On the evening of Wednesday, July 16, Amberly Stokes received a dire text message while tending bar at Rosa’s Lounge, a blues club in the Logan Square neighborhood of Chicago.
Stokes, a young, unsung hero of the blues, relayed the info to the man on stage, harmonica great Sugar Blue, best known for blowing harp on the Rolling Stones’ 1978 smash, “Miss You.”
Blue—born James Whiting in Harlem in 1949—announced the as-yet-unconfirmed report from the stage.
And club owner and drummer Tony Mangiullo, in his office on the second floor of the juke named for his mother, heard it through the floorboards.
The great blues guitarist Johnny Winter was dead.
“Boom—gone!” said Mangiullo, standing outside of the West Armitage Avenue club a few days after Winter, 70, died on tour in Switzerland. “When I was growing up back in Milan, Johnny was part of my introduction to the blues.”
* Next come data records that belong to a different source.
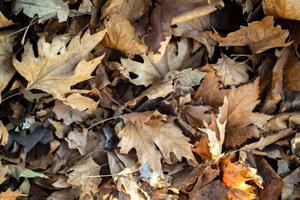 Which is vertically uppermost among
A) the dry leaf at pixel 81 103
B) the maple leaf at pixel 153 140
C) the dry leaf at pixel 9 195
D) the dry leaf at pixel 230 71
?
the dry leaf at pixel 230 71

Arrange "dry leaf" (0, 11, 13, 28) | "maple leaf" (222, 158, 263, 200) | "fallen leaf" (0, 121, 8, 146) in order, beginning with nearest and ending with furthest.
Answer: "dry leaf" (0, 11, 13, 28) < "fallen leaf" (0, 121, 8, 146) < "maple leaf" (222, 158, 263, 200)

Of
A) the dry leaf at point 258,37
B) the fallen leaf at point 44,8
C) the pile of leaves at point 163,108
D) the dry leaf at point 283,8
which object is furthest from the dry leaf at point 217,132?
the fallen leaf at point 44,8

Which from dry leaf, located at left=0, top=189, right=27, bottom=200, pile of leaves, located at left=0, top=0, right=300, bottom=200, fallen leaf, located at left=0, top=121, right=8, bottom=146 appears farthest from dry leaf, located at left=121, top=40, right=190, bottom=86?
dry leaf, located at left=0, top=189, right=27, bottom=200

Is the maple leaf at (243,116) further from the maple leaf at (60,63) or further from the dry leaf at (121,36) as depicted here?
the maple leaf at (60,63)

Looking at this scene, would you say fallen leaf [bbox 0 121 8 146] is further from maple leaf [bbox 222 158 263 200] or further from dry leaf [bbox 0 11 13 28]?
maple leaf [bbox 222 158 263 200]

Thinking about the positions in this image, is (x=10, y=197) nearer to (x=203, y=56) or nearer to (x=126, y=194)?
(x=126, y=194)

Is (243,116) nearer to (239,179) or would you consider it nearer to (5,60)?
(239,179) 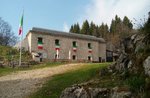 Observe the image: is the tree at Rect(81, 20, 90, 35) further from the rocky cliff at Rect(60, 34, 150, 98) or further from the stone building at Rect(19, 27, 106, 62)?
the rocky cliff at Rect(60, 34, 150, 98)

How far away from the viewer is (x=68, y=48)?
54.0 metres

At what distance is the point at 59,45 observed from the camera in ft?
174

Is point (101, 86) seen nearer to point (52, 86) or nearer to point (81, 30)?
point (52, 86)

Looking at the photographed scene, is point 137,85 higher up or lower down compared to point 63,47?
lower down

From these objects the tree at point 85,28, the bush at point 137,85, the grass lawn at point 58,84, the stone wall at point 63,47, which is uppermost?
the tree at point 85,28

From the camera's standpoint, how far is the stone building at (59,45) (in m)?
50.3

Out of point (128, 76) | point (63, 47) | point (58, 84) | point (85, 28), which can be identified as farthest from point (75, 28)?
point (128, 76)

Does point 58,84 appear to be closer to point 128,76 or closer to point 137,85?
point 128,76

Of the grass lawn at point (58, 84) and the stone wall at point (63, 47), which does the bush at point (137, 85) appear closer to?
the grass lawn at point (58, 84)

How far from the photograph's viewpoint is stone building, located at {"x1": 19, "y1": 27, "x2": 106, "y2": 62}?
50281mm

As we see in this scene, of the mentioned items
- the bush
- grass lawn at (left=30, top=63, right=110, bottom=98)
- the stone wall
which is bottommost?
grass lawn at (left=30, top=63, right=110, bottom=98)

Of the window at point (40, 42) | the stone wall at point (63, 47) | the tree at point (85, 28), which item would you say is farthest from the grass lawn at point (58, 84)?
the tree at point (85, 28)

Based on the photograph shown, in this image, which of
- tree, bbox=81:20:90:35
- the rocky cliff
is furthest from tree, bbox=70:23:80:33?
the rocky cliff

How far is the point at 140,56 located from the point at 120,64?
1.96 m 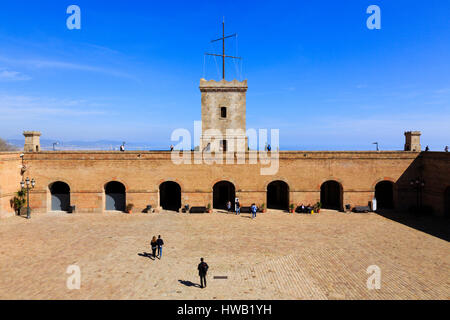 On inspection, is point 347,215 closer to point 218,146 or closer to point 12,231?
point 218,146

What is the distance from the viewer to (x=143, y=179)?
23.3 m

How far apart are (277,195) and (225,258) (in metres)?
15.8

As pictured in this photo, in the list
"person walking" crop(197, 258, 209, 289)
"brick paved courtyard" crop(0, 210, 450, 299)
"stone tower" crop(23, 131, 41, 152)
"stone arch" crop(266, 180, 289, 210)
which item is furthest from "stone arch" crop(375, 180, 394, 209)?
"stone tower" crop(23, 131, 41, 152)

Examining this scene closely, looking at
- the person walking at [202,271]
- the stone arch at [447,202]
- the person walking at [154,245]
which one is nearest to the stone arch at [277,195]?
the stone arch at [447,202]

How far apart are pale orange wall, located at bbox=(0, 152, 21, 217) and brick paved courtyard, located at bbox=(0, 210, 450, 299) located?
1774mm

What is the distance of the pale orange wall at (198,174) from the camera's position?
75.6 ft

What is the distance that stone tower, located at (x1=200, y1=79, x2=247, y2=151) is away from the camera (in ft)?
92.8

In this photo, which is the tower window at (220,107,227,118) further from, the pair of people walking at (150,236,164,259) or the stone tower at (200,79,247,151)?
the pair of people walking at (150,236,164,259)

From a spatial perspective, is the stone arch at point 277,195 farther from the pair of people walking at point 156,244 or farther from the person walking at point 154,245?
the person walking at point 154,245

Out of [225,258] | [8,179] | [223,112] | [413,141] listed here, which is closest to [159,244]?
[225,258]

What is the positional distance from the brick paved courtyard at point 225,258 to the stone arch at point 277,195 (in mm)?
5641

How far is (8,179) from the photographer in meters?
21.6

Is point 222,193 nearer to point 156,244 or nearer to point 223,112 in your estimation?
point 223,112

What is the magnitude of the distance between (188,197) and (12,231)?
1277 cm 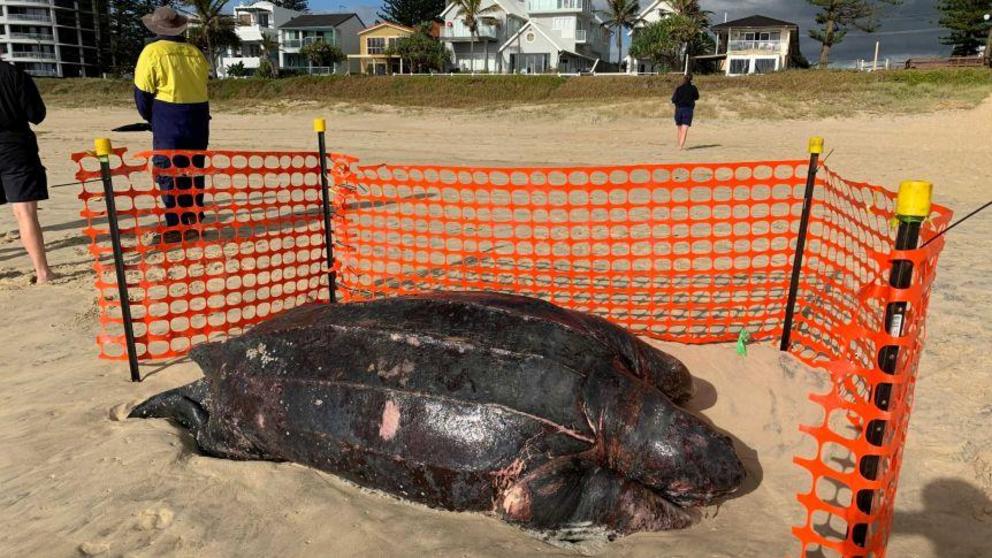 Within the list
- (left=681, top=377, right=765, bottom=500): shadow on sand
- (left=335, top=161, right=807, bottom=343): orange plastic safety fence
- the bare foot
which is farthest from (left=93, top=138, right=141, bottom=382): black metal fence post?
(left=681, top=377, right=765, bottom=500): shadow on sand

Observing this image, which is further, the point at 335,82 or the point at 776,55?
the point at 776,55

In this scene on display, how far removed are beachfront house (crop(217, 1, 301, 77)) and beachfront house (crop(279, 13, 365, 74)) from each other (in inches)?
55.9

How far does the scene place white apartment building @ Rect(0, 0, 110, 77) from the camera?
58906 mm

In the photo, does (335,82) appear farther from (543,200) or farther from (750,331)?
(750,331)

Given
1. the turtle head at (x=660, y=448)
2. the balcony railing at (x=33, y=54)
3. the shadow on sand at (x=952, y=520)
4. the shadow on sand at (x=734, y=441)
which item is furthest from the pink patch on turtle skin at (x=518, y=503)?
the balcony railing at (x=33, y=54)

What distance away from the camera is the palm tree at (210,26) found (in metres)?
44.7

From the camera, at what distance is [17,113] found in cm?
468

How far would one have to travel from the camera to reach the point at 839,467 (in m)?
2.91

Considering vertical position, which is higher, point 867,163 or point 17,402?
point 867,163

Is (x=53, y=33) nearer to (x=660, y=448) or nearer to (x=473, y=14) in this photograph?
(x=473, y=14)

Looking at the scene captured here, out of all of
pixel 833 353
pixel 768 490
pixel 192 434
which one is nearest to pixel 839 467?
pixel 768 490

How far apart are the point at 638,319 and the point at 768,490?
74.6 inches

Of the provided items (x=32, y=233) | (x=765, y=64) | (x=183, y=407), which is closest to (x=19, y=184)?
(x=32, y=233)

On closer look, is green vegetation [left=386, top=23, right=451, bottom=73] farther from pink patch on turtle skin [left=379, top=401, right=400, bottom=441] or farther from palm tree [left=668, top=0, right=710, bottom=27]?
pink patch on turtle skin [left=379, top=401, right=400, bottom=441] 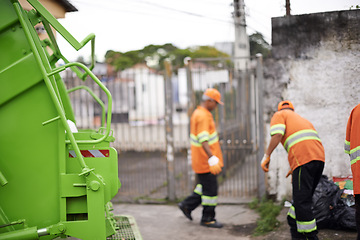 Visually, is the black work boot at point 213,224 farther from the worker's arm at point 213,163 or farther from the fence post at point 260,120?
the fence post at point 260,120

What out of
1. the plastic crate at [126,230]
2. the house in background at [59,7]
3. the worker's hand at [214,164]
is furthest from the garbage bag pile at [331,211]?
the house in background at [59,7]

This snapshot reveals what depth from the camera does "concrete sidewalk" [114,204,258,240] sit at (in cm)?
520

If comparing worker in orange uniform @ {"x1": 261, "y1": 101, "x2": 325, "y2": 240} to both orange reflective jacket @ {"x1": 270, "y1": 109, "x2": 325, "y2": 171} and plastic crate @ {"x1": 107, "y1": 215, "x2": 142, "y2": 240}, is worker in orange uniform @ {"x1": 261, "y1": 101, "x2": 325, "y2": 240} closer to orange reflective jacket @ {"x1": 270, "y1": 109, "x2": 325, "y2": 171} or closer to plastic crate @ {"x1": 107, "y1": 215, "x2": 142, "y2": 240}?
orange reflective jacket @ {"x1": 270, "y1": 109, "x2": 325, "y2": 171}

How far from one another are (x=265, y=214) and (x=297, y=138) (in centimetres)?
180

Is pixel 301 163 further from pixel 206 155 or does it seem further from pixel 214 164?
pixel 206 155

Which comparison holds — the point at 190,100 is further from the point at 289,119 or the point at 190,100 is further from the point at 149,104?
the point at 289,119

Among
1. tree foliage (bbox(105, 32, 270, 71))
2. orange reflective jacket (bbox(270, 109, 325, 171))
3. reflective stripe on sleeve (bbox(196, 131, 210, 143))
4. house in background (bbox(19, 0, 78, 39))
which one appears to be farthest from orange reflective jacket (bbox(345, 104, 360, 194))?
tree foliage (bbox(105, 32, 270, 71))

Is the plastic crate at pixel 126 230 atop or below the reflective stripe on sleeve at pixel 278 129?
below

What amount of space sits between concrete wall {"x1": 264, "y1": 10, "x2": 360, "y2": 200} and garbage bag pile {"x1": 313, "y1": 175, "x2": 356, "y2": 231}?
786mm

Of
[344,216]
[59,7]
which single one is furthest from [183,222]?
[59,7]

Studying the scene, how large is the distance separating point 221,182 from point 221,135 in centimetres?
109

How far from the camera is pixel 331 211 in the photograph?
4.89m

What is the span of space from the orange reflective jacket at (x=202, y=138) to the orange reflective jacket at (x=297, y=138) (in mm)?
1210

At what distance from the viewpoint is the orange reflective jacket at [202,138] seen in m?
5.49
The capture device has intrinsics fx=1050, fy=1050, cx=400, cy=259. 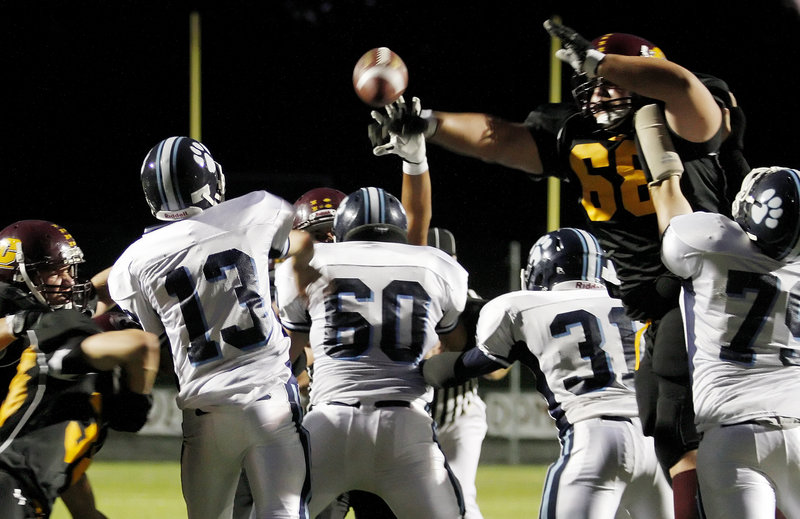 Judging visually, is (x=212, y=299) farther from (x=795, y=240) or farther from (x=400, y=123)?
(x=795, y=240)

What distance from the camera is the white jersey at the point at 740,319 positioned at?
377cm

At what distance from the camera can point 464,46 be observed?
78.9 feet

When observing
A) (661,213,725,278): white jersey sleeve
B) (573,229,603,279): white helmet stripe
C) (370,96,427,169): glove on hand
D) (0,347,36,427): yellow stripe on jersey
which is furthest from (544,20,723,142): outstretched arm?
(0,347,36,427): yellow stripe on jersey

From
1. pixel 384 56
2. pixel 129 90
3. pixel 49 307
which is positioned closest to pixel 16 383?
pixel 49 307

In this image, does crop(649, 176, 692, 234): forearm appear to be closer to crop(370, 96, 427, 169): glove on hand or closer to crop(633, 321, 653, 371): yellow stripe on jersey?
crop(633, 321, 653, 371): yellow stripe on jersey

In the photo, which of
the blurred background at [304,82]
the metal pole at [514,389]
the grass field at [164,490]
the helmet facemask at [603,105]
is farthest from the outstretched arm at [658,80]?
the blurred background at [304,82]

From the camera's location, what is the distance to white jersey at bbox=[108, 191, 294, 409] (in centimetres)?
409

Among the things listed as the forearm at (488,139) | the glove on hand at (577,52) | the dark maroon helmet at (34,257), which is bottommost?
the dark maroon helmet at (34,257)

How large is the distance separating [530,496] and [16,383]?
18.4ft

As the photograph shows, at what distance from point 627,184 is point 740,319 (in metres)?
1.00

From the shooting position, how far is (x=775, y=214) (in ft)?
12.2

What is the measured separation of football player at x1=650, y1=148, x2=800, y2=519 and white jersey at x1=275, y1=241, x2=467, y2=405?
3.53 feet

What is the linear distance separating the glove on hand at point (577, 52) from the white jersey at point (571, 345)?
3.00 feet

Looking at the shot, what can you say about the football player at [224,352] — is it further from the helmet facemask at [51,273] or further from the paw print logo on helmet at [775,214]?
the paw print logo on helmet at [775,214] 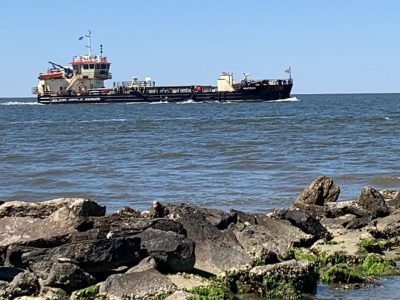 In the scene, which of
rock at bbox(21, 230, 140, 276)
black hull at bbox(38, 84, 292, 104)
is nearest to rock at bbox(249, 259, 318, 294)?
rock at bbox(21, 230, 140, 276)

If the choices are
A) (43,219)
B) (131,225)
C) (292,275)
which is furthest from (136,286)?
(43,219)

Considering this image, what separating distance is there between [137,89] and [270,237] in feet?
281

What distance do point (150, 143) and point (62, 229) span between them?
1015 inches

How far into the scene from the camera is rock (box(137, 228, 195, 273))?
8.49 metres

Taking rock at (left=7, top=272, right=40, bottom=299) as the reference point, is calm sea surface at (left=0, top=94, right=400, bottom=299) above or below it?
below

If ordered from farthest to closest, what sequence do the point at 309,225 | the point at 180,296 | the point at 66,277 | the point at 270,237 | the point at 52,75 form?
the point at 52,75, the point at 309,225, the point at 270,237, the point at 66,277, the point at 180,296

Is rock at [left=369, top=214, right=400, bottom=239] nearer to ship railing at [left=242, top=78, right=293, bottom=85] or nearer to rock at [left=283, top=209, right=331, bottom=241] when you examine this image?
rock at [left=283, top=209, right=331, bottom=241]

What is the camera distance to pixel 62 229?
29.5ft

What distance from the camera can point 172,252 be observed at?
849cm

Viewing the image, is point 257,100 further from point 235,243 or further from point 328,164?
point 235,243

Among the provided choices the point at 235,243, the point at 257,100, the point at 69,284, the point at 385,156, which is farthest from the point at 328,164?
the point at 257,100

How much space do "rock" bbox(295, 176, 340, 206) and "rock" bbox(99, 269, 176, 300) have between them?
18.9ft

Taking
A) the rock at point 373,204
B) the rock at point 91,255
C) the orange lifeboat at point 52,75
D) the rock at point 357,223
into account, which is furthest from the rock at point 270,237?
the orange lifeboat at point 52,75

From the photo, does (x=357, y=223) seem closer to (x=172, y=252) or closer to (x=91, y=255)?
(x=172, y=252) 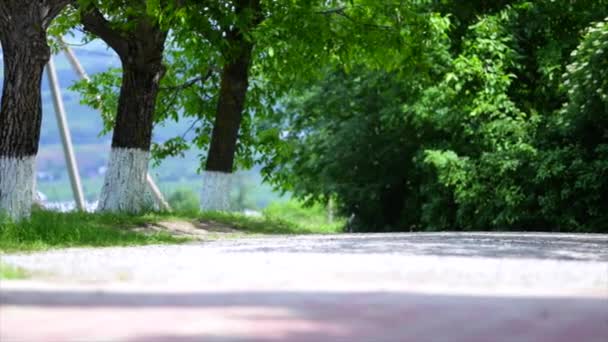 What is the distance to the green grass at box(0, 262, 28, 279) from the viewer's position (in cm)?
921

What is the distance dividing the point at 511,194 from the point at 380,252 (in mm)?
15460

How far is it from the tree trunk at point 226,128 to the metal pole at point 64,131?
5.71 m

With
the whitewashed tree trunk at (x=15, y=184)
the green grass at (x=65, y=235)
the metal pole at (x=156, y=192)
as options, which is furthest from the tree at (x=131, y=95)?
the metal pole at (x=156, y=192)

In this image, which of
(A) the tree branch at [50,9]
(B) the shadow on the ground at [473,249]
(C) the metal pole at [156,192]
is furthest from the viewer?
(C) the metal pole at [156,192]

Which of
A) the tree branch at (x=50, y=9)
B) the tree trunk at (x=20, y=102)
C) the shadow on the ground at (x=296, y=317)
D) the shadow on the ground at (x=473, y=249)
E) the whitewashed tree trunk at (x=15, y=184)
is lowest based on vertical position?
the shadow on the ground at (x=296, y=317)

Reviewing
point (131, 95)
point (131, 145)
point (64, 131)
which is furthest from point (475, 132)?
point (131, 145)

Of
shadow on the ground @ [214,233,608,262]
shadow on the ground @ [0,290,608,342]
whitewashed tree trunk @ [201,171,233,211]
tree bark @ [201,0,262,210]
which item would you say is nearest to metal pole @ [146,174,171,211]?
whitewashed tree trunk @ [201,171,233,211]

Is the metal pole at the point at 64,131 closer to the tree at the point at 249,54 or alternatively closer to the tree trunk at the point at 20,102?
the tree at the point at 249,54

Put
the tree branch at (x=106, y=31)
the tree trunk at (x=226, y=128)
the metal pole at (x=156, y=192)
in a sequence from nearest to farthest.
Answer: the tree branch at (x=106, y=31) < the tree trunk at (x=226, y=128) < the metal pole at (x=156, y=192)

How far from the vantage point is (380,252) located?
44.2ft

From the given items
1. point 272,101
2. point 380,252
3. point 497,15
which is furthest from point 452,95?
point 380,252

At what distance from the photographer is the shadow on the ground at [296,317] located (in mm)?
6328

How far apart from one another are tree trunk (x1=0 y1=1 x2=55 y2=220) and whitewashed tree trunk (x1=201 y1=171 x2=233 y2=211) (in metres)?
8.58

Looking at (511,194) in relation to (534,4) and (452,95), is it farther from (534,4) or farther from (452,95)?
(534,4) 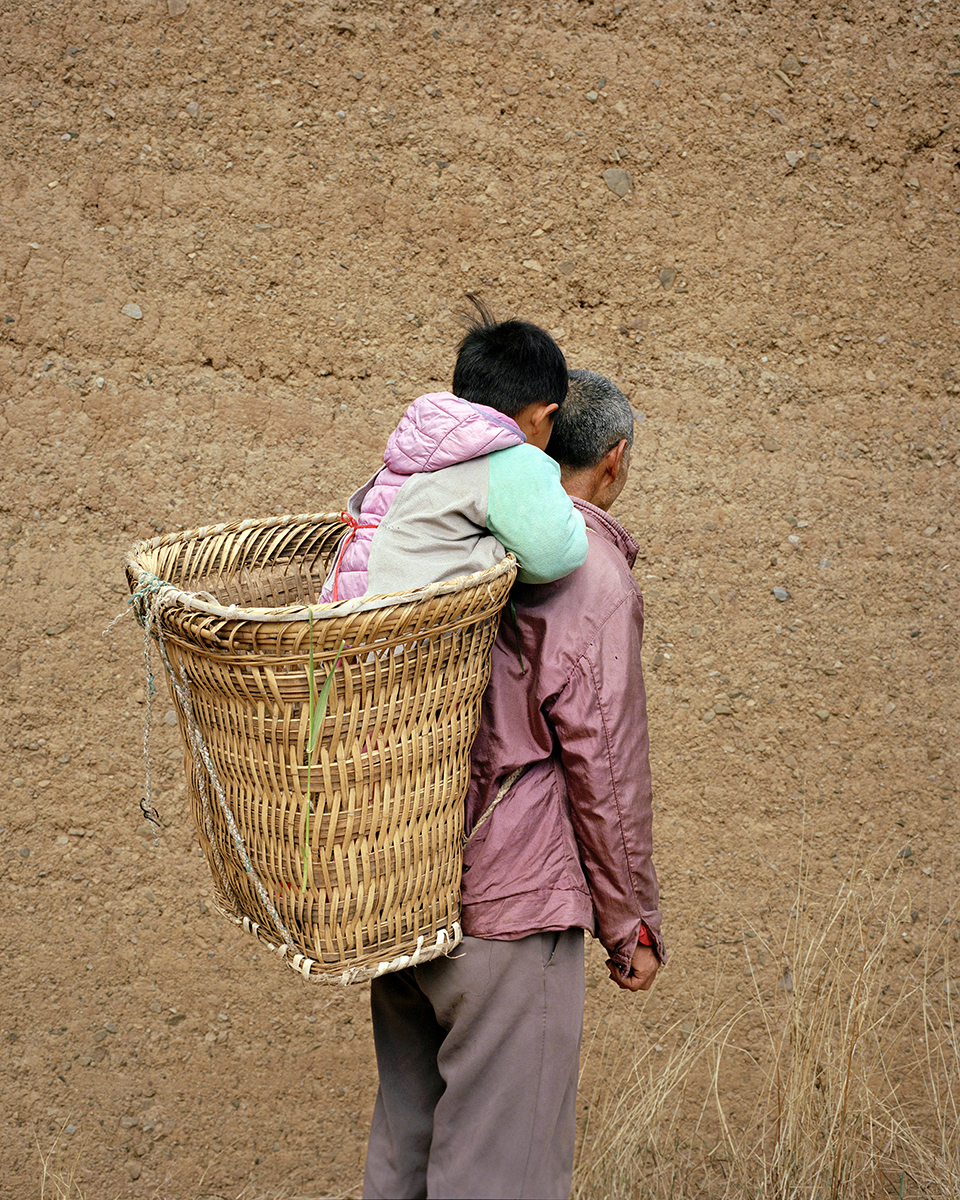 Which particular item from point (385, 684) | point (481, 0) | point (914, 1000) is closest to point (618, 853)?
point (385, 684)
Around the world, a million middle-aged music fans—people like me, a 56-year-old who came of age when blues/rock bands like Foghat sold out baseball stadiums—were saying the same thing.
I’d heard “I Can’t Quit You Baby” on the first Zeppelin album in high school with no idea who Willie Dixon was and was walloped by Johnny’s sonic take on “Rock Me Baby”—without knowing it was one of the most covered blues compositions of all-time—on the Still Alive & Well LP.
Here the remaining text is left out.